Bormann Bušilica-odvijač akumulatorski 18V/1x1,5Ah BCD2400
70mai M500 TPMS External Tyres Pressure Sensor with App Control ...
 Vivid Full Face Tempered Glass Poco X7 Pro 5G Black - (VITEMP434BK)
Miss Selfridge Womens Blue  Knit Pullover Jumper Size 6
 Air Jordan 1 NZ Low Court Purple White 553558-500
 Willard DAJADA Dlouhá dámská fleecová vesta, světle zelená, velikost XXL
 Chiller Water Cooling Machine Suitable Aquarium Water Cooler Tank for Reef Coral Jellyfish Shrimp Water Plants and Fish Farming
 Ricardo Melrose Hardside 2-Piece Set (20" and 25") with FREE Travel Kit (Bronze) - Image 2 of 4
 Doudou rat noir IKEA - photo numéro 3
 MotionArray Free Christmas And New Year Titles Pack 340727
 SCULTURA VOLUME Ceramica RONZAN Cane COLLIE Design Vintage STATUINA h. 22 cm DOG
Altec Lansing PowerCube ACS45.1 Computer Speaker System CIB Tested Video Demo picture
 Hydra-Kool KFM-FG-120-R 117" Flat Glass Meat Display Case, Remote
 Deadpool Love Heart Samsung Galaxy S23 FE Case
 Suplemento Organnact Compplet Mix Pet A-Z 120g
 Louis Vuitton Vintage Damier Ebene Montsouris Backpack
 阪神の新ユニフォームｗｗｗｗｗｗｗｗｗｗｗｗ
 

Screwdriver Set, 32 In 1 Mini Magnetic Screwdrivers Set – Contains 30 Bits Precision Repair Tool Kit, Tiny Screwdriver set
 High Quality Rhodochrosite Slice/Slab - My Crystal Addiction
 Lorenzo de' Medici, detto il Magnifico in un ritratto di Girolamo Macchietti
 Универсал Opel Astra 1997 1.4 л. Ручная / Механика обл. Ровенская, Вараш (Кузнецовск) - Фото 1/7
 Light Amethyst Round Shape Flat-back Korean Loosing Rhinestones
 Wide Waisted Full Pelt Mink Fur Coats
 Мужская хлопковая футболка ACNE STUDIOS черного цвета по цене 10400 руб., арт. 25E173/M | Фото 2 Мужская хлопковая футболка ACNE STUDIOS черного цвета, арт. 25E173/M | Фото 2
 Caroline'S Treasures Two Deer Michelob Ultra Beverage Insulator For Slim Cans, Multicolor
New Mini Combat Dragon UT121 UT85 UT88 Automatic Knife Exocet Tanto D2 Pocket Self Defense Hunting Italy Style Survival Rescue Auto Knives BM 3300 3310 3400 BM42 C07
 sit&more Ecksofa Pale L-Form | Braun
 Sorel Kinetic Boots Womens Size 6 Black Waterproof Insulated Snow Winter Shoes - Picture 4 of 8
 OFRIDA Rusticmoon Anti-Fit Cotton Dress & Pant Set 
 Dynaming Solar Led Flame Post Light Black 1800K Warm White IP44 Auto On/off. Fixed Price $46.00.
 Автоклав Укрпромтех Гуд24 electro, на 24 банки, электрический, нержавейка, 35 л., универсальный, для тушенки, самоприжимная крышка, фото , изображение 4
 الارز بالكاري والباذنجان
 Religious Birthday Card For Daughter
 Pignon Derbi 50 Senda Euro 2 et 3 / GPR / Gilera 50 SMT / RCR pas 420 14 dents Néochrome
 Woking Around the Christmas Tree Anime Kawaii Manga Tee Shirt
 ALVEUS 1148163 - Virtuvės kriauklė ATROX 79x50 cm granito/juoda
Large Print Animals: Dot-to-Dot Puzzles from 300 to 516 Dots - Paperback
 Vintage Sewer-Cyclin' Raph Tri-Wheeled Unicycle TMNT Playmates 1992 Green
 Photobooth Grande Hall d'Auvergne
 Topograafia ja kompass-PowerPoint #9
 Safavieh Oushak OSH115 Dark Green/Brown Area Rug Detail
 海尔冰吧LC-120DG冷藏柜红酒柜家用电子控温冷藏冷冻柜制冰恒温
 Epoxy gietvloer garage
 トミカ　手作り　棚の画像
-- -- --
[WHAT THE EXERCISE ASKS]
Please transcribe only the lines in the records above running from the line that has "Light Amethyst Round" through the line that has "Мужская хлопковая футболка ACNE STUDIOS черного цвета по", both included, exactly as they appear.

[ANSWER BELOW]
 Light Amethyst Round Shape Flat-back Korean Loosing Rhinestones
 Wide Waisted Full Pelt Mink Fur Coats
 Мужская хлопковая футболка ACNE STUDIOS черного цвета по цене 10400 руб., арт. 25E173/M | Фото 2 Мужская хлопковая футболка ACNE STUDIOS черного цвета, арт. 25E173/M | Фото 2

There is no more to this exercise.